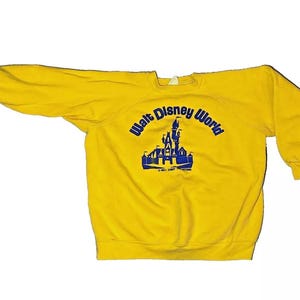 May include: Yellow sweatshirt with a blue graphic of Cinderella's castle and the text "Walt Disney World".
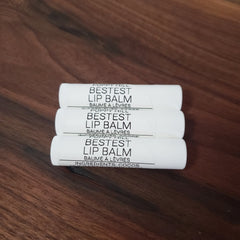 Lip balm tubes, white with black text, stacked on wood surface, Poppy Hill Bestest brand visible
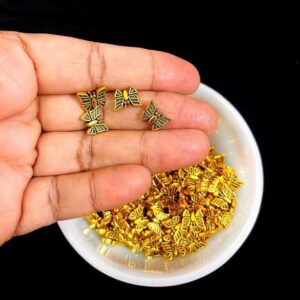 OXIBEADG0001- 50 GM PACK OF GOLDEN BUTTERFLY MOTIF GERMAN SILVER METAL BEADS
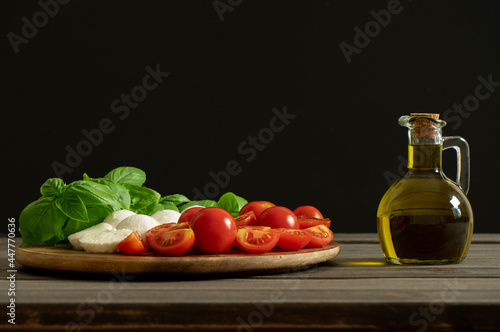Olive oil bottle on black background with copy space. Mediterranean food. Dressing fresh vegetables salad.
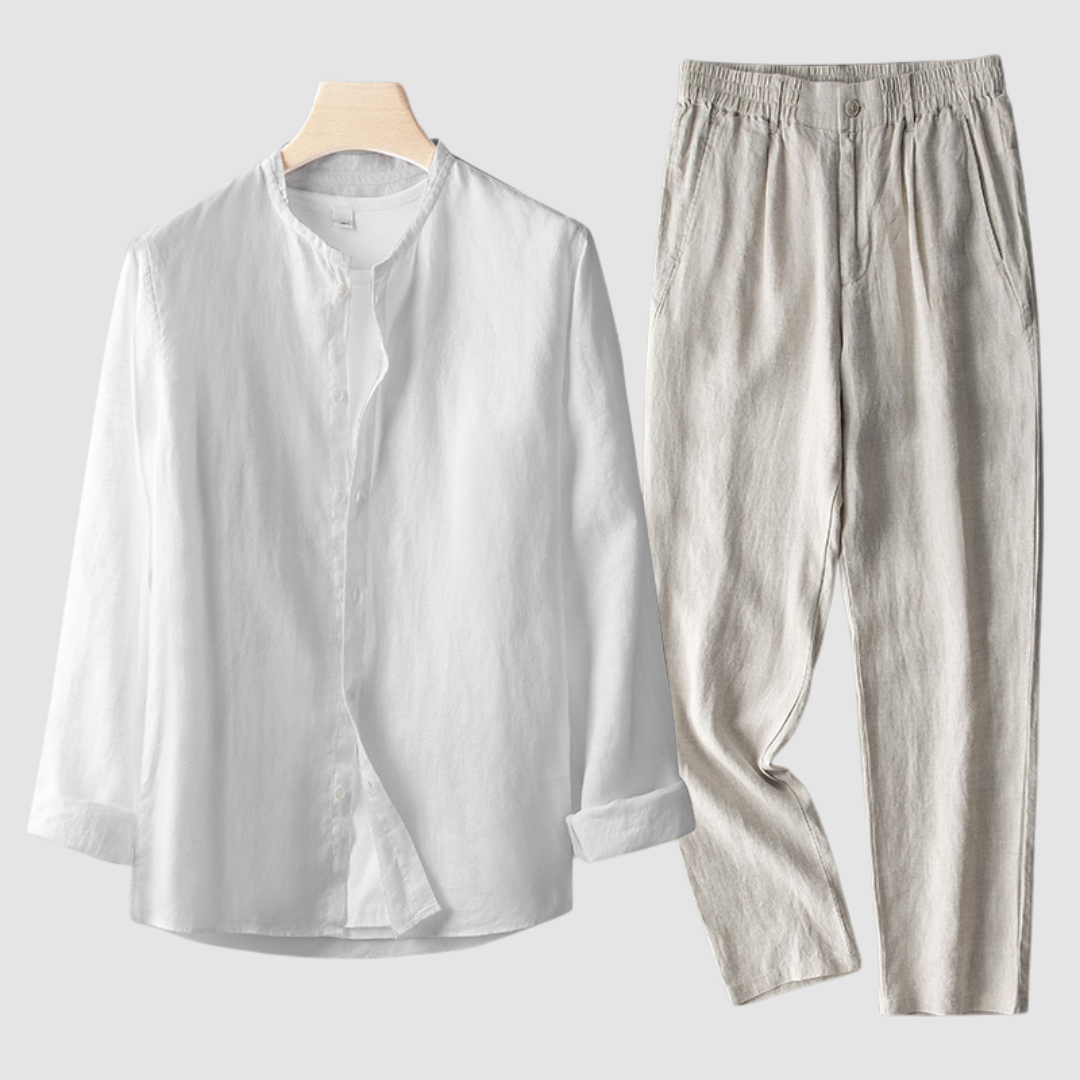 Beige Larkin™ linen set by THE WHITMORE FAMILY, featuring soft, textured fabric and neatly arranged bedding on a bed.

WHAT IS EXPECTED: The task requires restating verbatim the lines from the one that holds "Lip balm tubes, white" through the end of the listing, both ends counted, and no pictures.

RESULT OF THIS EXERCISE:
 Lip balm tubes, white with black text, stacked on wood surface, Poppy Hill Bestest brand visible
 OXIBEADG0001- 50 GM PACK OF GOLDEN BUTTERFLY MOTIF GERMAN SILVER METAL BEADS
Olive oil bottle on black background with copy space. Mediterranean food. Dressing fresh vegetables salad.
 Beige Larkin™ linen set by THE WHITMORE FAMILY, featuring soft, textured fabric and neatly arranged bedding on a bed.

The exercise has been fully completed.